**Information supplied:**
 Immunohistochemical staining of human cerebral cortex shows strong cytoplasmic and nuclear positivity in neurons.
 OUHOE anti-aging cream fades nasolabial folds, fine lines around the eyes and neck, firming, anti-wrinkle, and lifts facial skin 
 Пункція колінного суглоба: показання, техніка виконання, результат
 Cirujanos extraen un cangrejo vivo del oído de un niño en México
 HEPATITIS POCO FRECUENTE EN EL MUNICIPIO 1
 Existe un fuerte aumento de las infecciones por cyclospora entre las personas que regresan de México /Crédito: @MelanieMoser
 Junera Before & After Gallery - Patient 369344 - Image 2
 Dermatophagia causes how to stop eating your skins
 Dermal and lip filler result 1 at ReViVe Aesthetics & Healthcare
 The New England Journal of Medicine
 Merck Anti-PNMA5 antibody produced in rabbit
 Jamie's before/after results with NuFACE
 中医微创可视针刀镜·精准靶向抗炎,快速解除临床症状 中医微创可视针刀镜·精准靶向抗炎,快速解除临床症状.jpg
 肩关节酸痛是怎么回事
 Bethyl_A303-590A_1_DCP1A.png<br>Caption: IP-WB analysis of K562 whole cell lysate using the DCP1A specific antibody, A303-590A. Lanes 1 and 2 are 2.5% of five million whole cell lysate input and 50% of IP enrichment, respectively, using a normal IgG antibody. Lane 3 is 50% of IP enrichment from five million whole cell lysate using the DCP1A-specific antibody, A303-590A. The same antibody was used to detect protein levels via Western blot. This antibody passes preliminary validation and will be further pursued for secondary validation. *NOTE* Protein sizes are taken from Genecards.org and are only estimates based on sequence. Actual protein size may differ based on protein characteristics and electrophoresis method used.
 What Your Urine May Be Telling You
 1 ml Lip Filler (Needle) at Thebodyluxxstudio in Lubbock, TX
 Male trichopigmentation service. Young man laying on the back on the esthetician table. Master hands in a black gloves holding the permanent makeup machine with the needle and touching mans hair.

**What to produce:** Search the listing for the word "with". Copy every line in which it occurs.

**Answer to this exercise:**
 Jamie's before/after results with NuFACE
 Male trichopigmentation service. Young man laying on the back on the esthetician table. Master hands in a black gloves holding the permanent makeup machine with the needle and touching mans hair.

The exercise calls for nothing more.